The same Cork-era thinking produced the licensed insolvency practitioner, a profession that barely existed before 1986. By requiring that trustees and arrangement supervisors hold a licence and carry professional indemnity cover, the 1986 Act tried to raise standards and reduce the abuses that had grown up around earlier, lightly regulated practice. That professionalisation is why the modern field combines lawyers, who advise on rights and disputes, with accountants and specialist practitioners, who take the formal appointments. The split is visible in how firms describe themselves and in how their work tends to be grouped when it is catalogued for the public, which is also why business directories that list bankruptcy law firms separate the legal advisers from the licensed practitioners.

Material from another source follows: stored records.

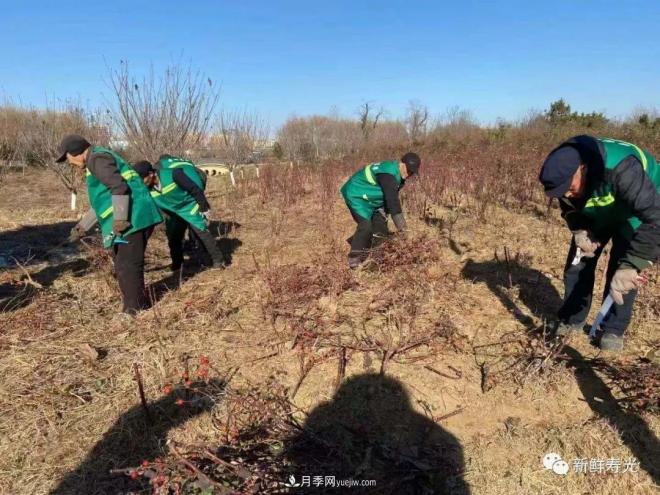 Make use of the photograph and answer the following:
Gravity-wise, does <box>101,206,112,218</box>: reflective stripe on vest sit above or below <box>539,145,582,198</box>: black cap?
below

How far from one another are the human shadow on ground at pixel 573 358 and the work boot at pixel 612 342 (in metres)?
0.18

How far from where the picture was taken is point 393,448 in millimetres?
2055

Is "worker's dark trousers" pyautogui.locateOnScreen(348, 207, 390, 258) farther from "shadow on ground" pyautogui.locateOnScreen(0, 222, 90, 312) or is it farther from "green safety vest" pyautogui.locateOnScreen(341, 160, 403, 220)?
"shadow on ground" pyautogui.locateOnScreen(0, 222, 90, 312)

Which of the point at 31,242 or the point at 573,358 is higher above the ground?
the point at 573,358

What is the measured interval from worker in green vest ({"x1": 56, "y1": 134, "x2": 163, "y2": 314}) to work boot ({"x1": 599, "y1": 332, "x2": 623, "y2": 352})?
10.9 feet

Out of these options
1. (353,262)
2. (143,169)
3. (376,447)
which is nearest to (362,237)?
(353,262)

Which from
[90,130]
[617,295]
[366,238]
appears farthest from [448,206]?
[90,130]

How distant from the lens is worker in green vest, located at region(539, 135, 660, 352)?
201cm

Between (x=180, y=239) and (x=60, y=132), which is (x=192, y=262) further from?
(x=60, y=132)

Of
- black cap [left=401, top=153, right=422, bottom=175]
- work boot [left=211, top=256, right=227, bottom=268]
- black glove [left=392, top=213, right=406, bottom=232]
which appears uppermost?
black cap [left=401, top=153, right=422, bottom=175]

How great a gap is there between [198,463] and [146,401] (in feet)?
2.18

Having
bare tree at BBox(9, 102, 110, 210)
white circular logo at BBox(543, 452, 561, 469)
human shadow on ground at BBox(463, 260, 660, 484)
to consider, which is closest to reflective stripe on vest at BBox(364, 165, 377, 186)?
human shadow on ground at BBox(463, 260, 660, 484)

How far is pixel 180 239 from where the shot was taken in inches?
184

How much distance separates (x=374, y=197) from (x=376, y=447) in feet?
8.87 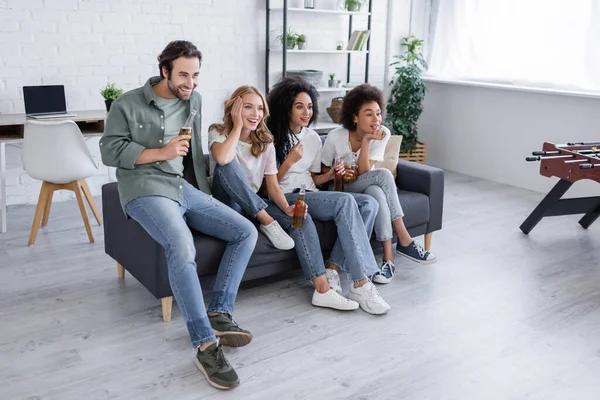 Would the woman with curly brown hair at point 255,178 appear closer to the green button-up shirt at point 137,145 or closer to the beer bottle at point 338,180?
the green button-up shirt at point 137,145

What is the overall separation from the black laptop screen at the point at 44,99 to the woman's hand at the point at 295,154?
1.95m

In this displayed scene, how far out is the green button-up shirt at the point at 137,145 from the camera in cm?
248

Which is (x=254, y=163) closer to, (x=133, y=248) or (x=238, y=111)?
(x=238, y=111)

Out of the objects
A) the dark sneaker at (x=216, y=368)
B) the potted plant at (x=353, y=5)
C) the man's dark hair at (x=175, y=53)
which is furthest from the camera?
the potted plant at (x=353, y=5)

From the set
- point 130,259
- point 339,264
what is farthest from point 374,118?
point 130,259

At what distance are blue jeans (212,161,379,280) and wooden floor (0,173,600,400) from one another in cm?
21

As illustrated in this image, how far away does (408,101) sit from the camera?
5.56m

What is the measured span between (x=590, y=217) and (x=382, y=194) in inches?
65.7

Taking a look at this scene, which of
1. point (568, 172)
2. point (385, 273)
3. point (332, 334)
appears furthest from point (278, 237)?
point (568, 172)

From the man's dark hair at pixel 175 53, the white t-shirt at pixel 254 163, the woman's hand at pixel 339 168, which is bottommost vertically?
the woman's hand at pixel 339 168

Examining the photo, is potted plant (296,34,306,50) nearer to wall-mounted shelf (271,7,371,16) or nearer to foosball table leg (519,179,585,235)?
wall-mounted shelf (271,7,371,16)

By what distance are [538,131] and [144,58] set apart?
311cm

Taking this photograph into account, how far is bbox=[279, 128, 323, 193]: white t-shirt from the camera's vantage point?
304 centimetres

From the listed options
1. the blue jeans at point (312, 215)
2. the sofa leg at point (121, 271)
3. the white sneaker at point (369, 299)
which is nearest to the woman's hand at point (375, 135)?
the blue jeans at point (312, 215)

The main personal insolvency routes
Bankruptcy is only one of several formal options, and a competent adviser will explain all of them before recommending any. The three statutory routes most often discussed are bankruptcy itself, the Individual Voluntary Arrangement, and the Debt Relief Order. Each suits a different financial situation, and the differences in cost, duration, and effect on assets are large. This is one reason a curated bankruptcy law directory is useful: it gathers advisers who can talk a client through the comparison rather than steering everyone toward a single product. Among UK business directories that list bankruptcy law firms, the better ones distinguish between regulated insolvency practitioners and general debt advice services.
A Debt Relief Order is the lightest of the three and is designed for people with low income, few assets, and relatively small debts. Following changes announced in the Spring Budget and brought into force during 2024, the qualifying debt ceiling rose from thirty thousand to fifty thousand pounds, the permitted vehicle value rose from two thousand to four thousand pounds, and the ninety pound application fee was removed entirely (Insolvency Service, 2024). A Debt Relief Order normally lasts twelve months, during which listed creditors cannot pursue the debts, and at the end the qualifying debts are written off. Applications are made through an approved intermediary, usually a debt adviser at a charity, rather than directly by the individual.
An Individual Voluntary Arrangement is a legally binding agreement between a debtor and their creditors, supervised by a licensed insolvency practitioner. The debtor typically pays an affordable monthly sum over a set period, often five years, after which any remaining included debt is written off. Because an IVA avoids the asset surrender and public stigma some associate with bankruptcy, it has become the most common formal route. In 2024 IVAs made up about fifty-seven per cent of individual insolvencies in England and Wales, Debt Relief Orders about thirty-seven per cent, and bankruptcies only about six per cent (Insolvency Service, 2025). Those proportions are why business directories that list bankruptcy law companies often see heavy demand for IVA expertise in particular.
Bankruptcy remains the right answer in some cases, particularly where debts are large, there is little prospect of repayment, and the individual has few assets worth protecting. The current fee to apply for one's own bankruptcy through the adjudicator is six hundred and eighty pounds, payable as part of the online application. A creditor can petition for a debtor's bankruptcy where the undisputed debt is at least five thousand pounds. Once the order is made, the trustee may agree an Income Payments Agreement, under which the bankrupt contributes part of any surplus income for up to three years, a structure introduced by the Enterprise Act 2002 and retained since.
The relative use of these procedures has shifted over the past decade. Bankruptcies, once the dominant form of personal insolvency, have fallen to a small minority of cases, while IVAs grew rapidly through the 2010s before easing back from the record numbers seen between 2018 and 2022. Debt Relief Orders reached their highest monthly totals on record after the 2024 reforms removed the application fee and lifted the debt and vehicle thresholds (Insolvency Service, 2025). Commentators link these movements to the cost of living, the price of credit, and the accessibility of each route rather than to any single cause. For a person trying to choose, popularity is not the same as suitability, and the right procedure depends on individual circumstances. An adviser will look at income, assets, the type and size of the debts, and personal priorities such as keeping a home or protecting a trade before pointing toward bankruptcy, an arrangement, or an order.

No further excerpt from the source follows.